Can Objective Loudspeaker Measurements Predict Subjective Preferences?

Can measurements predict listening preferences in loudspeakers?

  • Yes. If the proper measurements are conducted

    Votes: 48 64.9%
  • No. What we hear is far too complex to fully quantify empirically.

    Votes: 18 24.3%
  • Who cares. Just get what sounds good to you and be done with it.

    Votes: 8 10.8%

  • Total voters
    74
E

Edgar Betancourt

Junior Audioholic
No, you were. I really don't have time to waste quoting you to yourself. If you are unable to understand the conceptual differences between the methods and why they will have drastically different results or are too proud to acknowledge it, I can't help you any further.
As most people that simply want to argue you are lazy so thus I willquote myself to demostrate your rambling useless trolling
Qoute "eir methodology was anechoic chamber with on and off axis curves. The Harman method is a modern refinement of that". See its exactly what Ive said from the beginning. Ergo you are full of crap!
 
colofan

colofan

Enthusiast
The Industry standard for compression testing in consumer audio is actually CEA-2034a. Various other standards exist and are in use in the pro audio industry with the primary difference being around the test stimulus used.

We will be publishing something on all of this in the coming months. I'd love to do compression testing on all speakers that come for review but there are potential risks of harm and we don't feel comfortable asking manufacturers to allow us to do that. It also brings new demands on our testing that may not be feasable. Things like sufficiently large and powerful amplifiers and an ability to play annoying tones at really loud levels for extended periods of time outside. My neighbors are likely already at their limits. I can't get far enough out into a field to totally address this problem. Still you never know, we might start doing this on some products.
I completely concur for CEA-2034a being the consumer level standard just stating a of foundation work has and still is done be AES.

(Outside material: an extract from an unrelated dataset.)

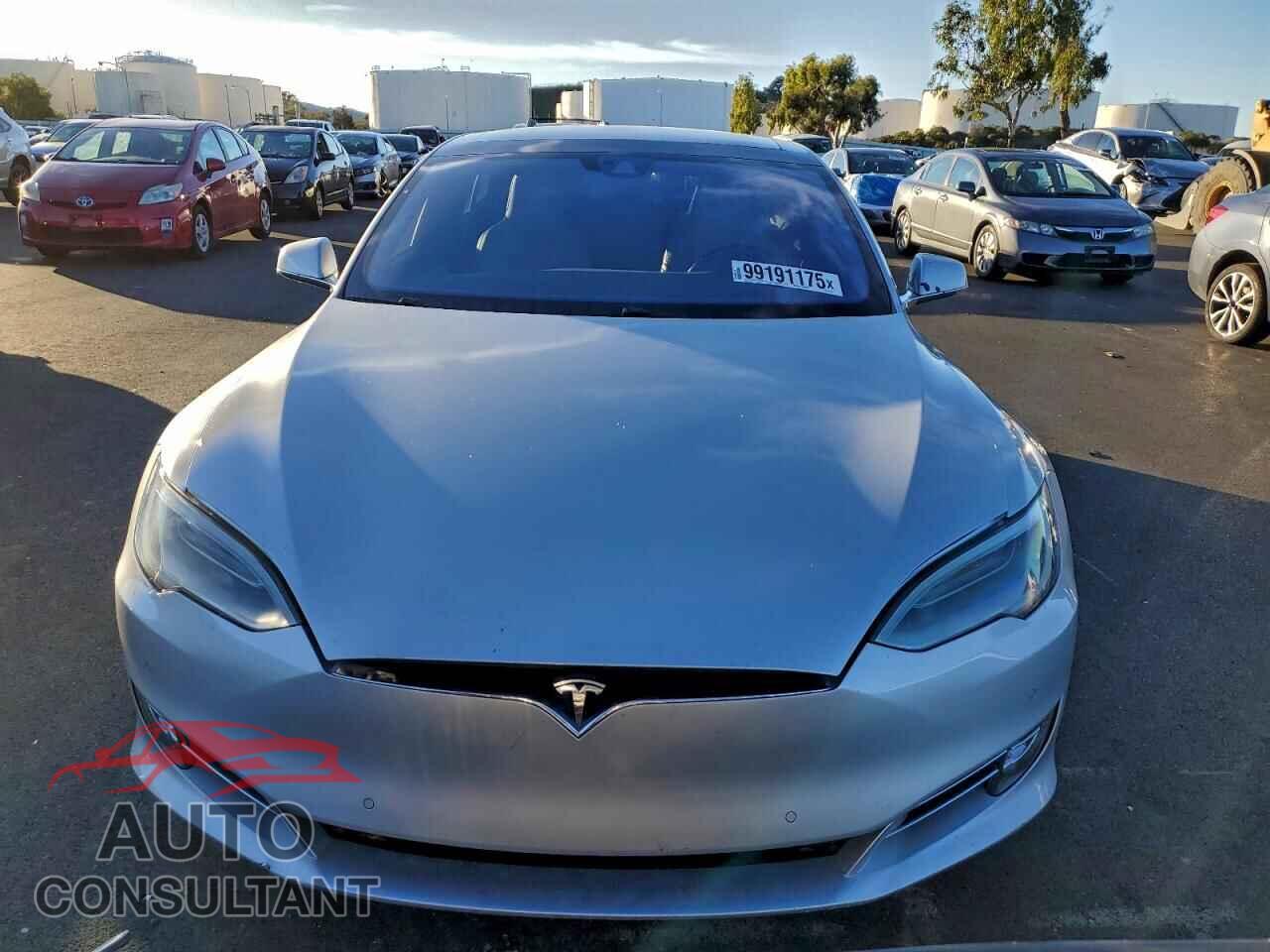 TESLA MODEL S 2016 - 5YJSA1E1XGF142011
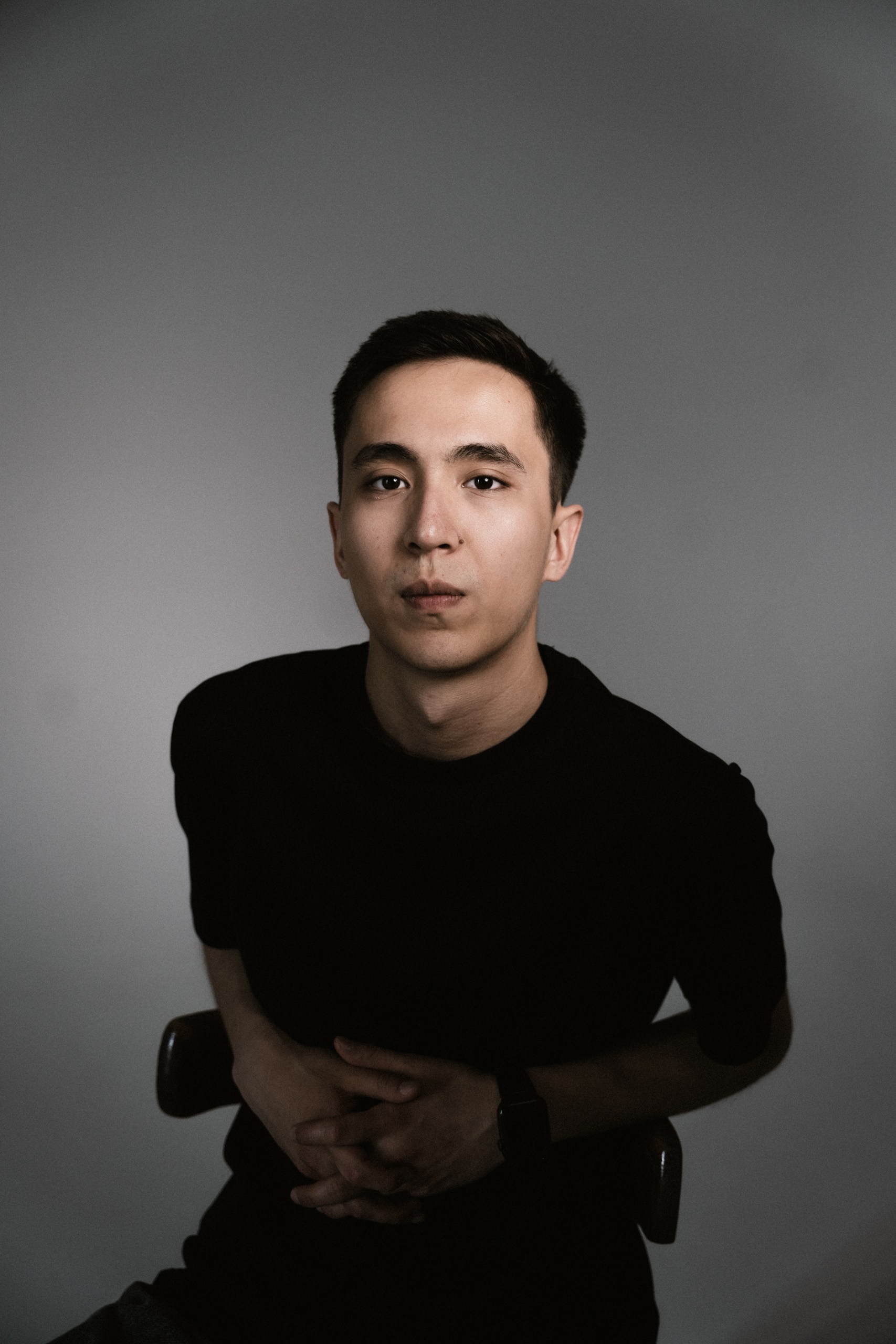 Temirlan Rakhmetzhanov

Compression testing doesn't have to be destructive though. Using an optical displacement laser you can see this happening in real time with having to be concerned with any room environment getting in the way. FFT on the output can show many breakup modes and also distortion products before damage. If more speakers gave you a AES 400ms rating would be a good guide on where a driver can operate at. Though this is focused on Pro systems where headroom in a particular room is really important for live music reproduction.
 
S

Speedskater

Senior Audioholic
what is 'Compression testing' with regards to loudspeakers?
or is that a repeated typo?

Compression testing is an automobile engine test.
 
S

shadyJ

Speaker of the House
what is 'Compression testing' with regards to loudspeakers?
or is that a repeated typo?

Compression testing is an automobile engine test.
Compression testing is testing to see how loud a speaker will get before some part of the frequency band just stops getting louder or when gross distortion starts creeping up.
 
colofan

colofan

Enthusiast
Every mechanical system has a region that goes into non-linear mode in two ways. The suspension is stretched beyond where the mechanical properties of the material can "spring" back in a linear fashion. Or the magnet motor with the moving membrane moves out of the linear electro-magnetic region. Typically 70% field strength is given as the limit for the speakers "motor".

The end result is putting more power into a driver that does not respond in increased SPL linearlity.

Company that has instruments for this as an example is Klippel in germany.